Square Enix used its Summer Game Fest slot on June 5 to give the third and final chapter of its Final Fantasy VII remake project a name: Final Fantasy VII Revelation. It is scheduled for spring 2027, closing an arc that began with 2020’s Remake and continued through 2024’s Rebirth.
The most consequential detail is not the title but the rollout. Revelation will launch simultaneously on PlayStation 5, Nintendo Switch 2, Xbox Series X|S and PC via Steam, the Epic Games Store and the Xbox PC store. That is a clean break from the trilogy’s history of timed exclusivity — Remake arrived first on PS4, and Rebirth spent its early life as a PS5 exclusive. A same-day release across hardware suggests Square Enix is now treating the finale as a flagship for the whole industry rather than a platform-holder showpiece.
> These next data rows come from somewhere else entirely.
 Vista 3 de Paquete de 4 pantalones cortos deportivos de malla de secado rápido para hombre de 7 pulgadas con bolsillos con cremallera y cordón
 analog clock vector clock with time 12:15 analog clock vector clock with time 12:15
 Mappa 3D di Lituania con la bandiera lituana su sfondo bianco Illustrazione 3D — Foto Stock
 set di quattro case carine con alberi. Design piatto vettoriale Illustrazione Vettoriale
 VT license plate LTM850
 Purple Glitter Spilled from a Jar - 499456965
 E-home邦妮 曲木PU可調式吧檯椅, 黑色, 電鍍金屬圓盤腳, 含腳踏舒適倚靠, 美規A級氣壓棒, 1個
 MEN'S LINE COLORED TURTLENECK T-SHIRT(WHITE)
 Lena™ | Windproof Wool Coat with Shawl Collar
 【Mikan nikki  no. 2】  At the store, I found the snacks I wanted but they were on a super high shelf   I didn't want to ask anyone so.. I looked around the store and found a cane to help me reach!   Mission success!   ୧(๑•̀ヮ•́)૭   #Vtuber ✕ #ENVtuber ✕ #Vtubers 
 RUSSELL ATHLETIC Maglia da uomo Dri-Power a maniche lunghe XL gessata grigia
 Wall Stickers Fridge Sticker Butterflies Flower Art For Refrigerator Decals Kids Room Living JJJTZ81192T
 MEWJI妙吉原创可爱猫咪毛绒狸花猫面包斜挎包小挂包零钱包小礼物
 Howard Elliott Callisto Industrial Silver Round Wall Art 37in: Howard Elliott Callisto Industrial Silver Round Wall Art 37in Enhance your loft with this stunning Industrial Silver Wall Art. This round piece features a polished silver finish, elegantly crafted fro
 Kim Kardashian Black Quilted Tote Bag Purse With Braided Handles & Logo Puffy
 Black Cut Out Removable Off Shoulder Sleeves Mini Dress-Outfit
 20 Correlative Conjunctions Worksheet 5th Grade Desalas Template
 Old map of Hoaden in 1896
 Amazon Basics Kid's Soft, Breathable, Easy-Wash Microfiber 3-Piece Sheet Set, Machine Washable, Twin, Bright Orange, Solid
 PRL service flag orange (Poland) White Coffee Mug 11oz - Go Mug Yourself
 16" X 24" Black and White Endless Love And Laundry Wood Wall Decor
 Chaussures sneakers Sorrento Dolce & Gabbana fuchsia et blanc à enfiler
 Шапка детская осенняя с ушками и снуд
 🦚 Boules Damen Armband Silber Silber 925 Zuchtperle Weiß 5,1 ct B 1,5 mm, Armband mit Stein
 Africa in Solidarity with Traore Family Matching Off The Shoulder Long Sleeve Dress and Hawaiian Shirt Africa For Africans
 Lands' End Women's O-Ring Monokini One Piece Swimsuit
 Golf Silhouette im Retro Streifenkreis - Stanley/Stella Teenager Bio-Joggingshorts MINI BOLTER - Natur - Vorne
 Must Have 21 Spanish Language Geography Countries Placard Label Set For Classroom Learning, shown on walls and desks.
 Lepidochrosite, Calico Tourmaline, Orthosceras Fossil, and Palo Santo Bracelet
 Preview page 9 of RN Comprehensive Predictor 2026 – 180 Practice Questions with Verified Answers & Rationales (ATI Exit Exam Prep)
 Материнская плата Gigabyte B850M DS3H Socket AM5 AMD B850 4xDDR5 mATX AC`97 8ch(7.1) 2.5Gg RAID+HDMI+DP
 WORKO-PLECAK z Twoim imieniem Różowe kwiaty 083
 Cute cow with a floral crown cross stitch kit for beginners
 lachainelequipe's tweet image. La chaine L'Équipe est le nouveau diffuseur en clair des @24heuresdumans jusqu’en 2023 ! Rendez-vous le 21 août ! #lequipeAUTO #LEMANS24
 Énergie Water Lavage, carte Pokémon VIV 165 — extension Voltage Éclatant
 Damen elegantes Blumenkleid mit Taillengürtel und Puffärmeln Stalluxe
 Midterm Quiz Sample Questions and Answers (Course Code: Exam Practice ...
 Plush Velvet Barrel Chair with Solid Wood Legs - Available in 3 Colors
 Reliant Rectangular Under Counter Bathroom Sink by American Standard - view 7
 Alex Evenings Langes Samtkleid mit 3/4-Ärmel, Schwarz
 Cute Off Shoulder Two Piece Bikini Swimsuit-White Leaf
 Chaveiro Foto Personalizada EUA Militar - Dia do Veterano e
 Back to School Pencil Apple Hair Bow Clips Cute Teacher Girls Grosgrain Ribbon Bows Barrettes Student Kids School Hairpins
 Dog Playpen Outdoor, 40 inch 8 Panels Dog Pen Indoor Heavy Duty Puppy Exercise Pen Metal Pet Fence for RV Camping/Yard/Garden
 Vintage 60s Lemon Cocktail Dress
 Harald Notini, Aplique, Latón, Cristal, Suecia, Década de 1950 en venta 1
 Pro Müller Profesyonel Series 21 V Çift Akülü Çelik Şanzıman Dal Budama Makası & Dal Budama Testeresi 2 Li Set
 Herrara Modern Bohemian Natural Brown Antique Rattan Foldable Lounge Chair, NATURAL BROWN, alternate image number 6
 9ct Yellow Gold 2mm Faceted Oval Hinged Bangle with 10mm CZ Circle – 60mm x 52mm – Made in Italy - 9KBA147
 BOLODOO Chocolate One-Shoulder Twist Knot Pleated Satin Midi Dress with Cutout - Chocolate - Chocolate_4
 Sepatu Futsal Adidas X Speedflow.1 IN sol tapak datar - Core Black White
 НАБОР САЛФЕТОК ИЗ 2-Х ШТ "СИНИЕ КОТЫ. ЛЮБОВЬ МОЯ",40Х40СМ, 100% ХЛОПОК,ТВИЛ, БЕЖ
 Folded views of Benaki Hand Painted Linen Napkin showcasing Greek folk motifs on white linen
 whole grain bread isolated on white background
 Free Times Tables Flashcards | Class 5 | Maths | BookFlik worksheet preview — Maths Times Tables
On the design side, the studio is leaning into scale. Revelation is described as open-world, with the returning Highwind airship letting players cross the planet freely and reach regions that the more linear Remake and the partly-open Rebirth only gestured at. Vincent Valentine and Cid Highwind, supporting figures in Rebirth, become fully playable party members — Vincent built around firearm combat, Cid around spear-based attacks.
What Square Enix did not share is as telling as what it did. There is no firm release date inside the spring 2027 window, no price, and little detail on how the trilogy intends to resolve a story that long-time players know ends in tragedy in the 1997 original. Those are the questions the next year of marketing will have to answer.